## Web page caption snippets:
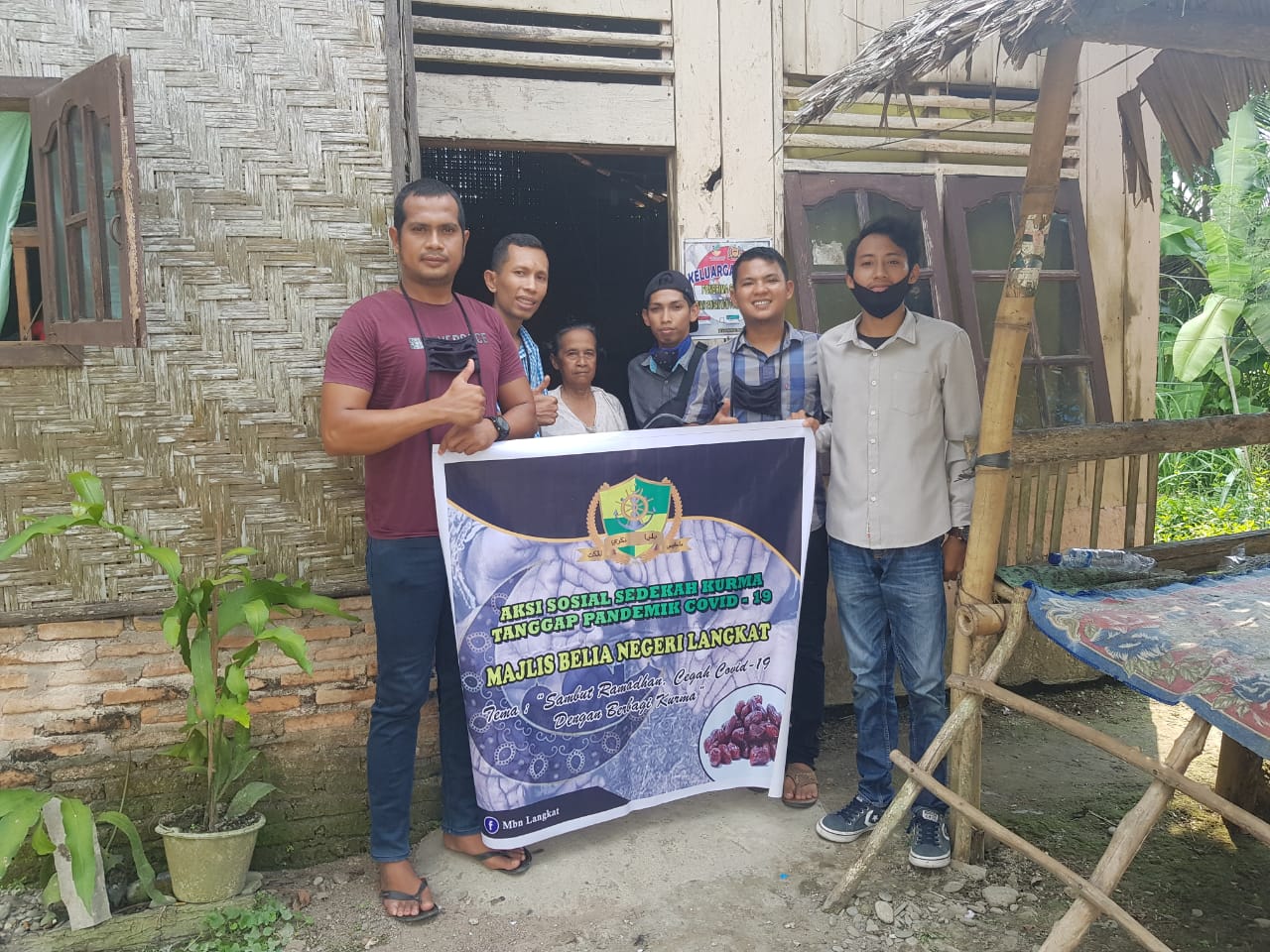 Jelang Ramadan, MBN Langkat Bersama Kejuruan Stabat Bagikan Ratusan Paket Kurma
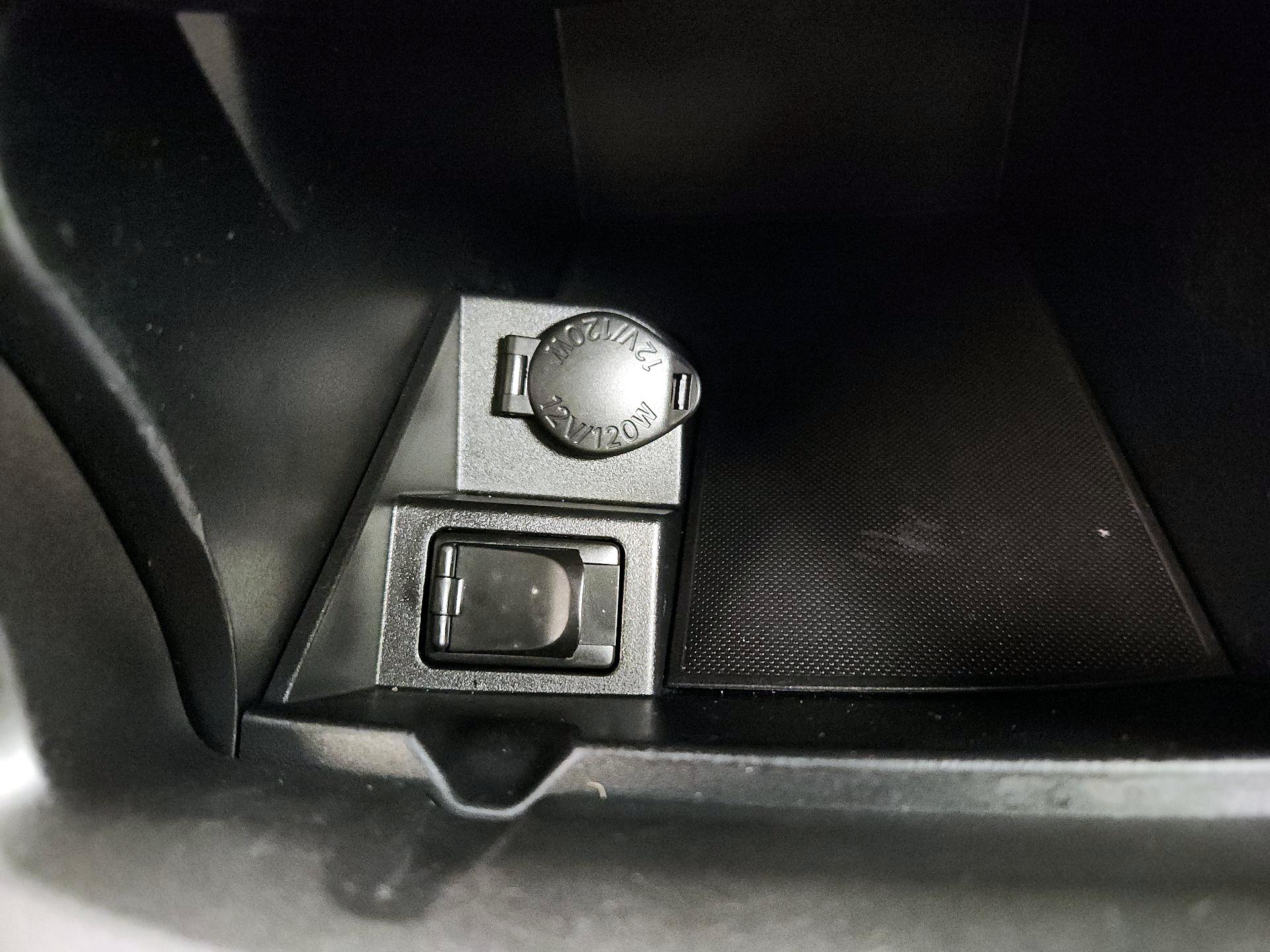 Thumbnail: 2015 Toyota Camry - 18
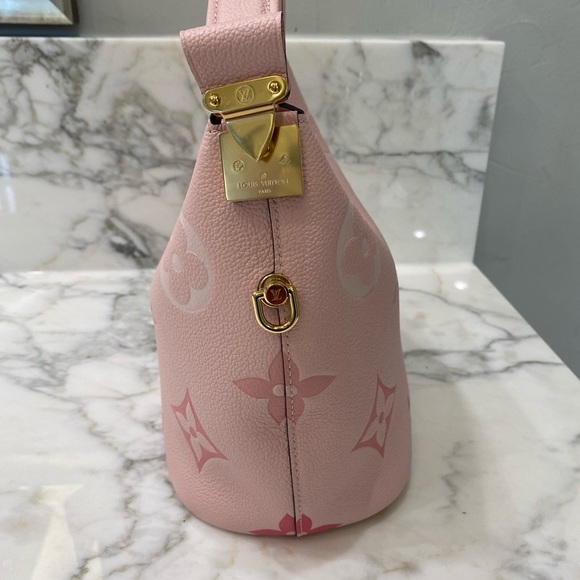 Louis Vuitton Marshmallow Bag 2022 Paul Smith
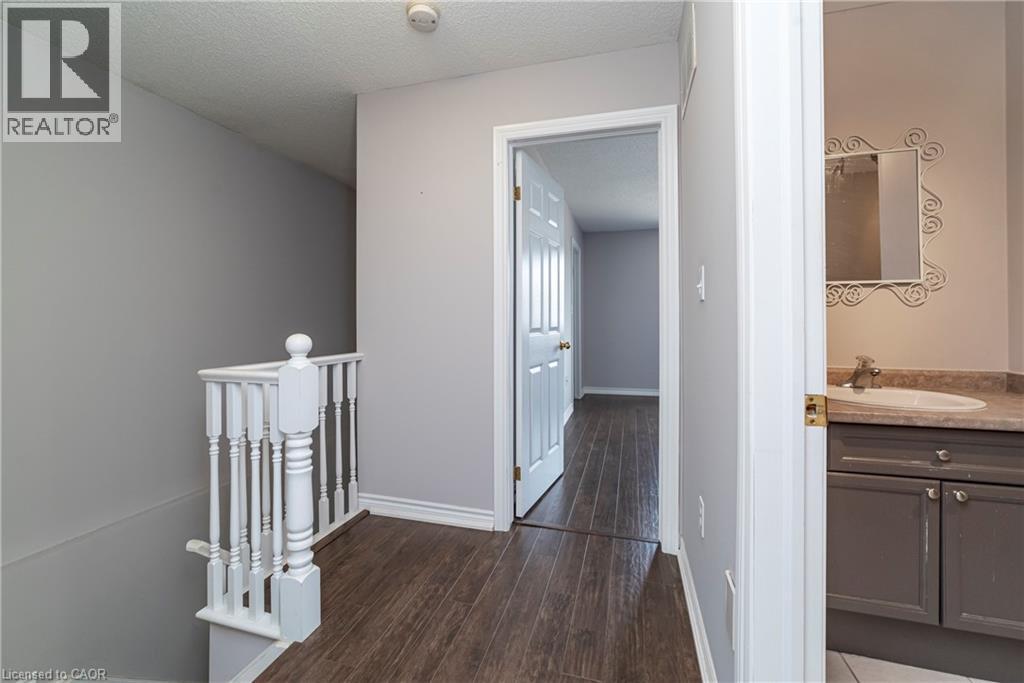 39 Pinewoods Drive Unit# 11, Stoney Creek, Ontario  L8J 3Z3 - Photo 21 - 40867948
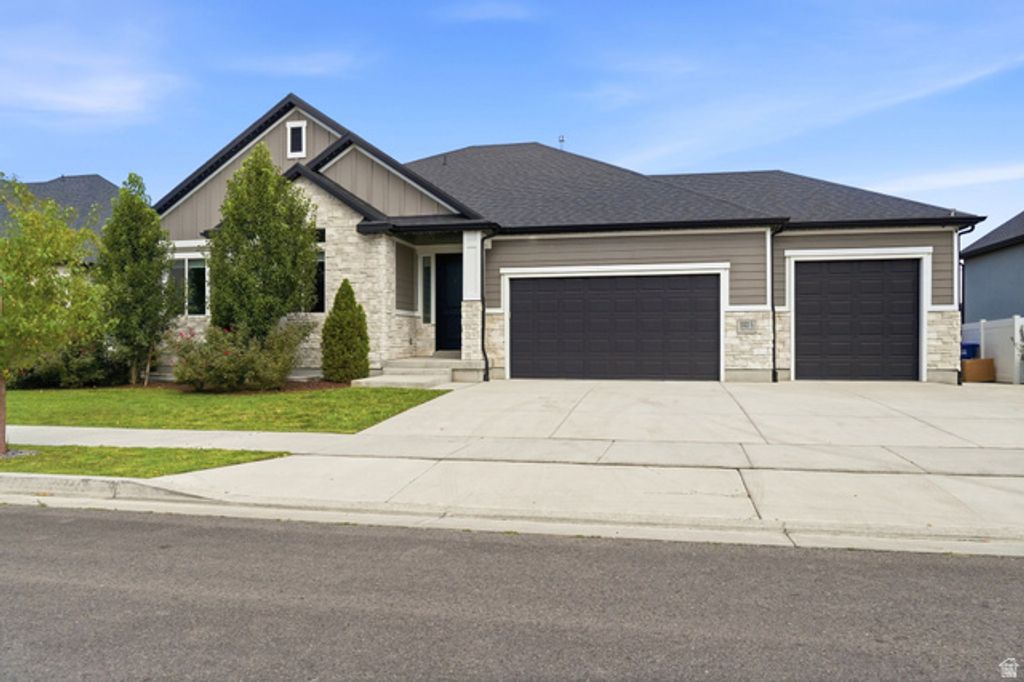 13323 S CARMEN OAK DR, Herriman, UT 84096 — exterior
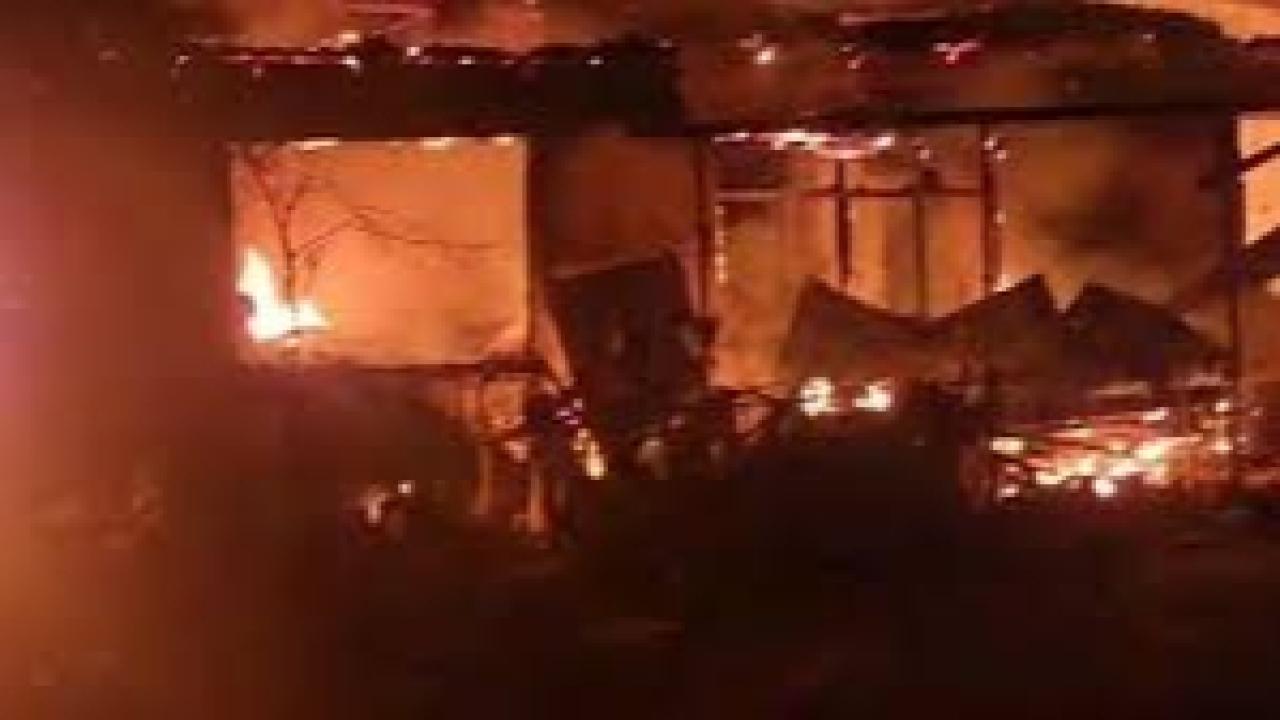 Ahırda çıkan yangın 3 eve sıçradı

## Assignment:
Copy every record character for character. Skip the pictures.

## Exercise answer:
 Jelang Ramadan, MBN Langkat Bersama Kejuruan Stabat Bagikan Ratusan Paket Kurma
 Thumbnail: 2015 Toyota Camry - 18
 Louis Vuitton Marshmallow Bag 2022 Paul Smith
 39 Pinewoods Drive Unit# 11, Stoney Creek, Ontario  L8J 3Z3 - Photo 21 - 40867948
 13323 S CARMEN OAK DR, Herriman, UT 84096 — exterior
 Ahırda çıkan yangın 3 eve sıçradı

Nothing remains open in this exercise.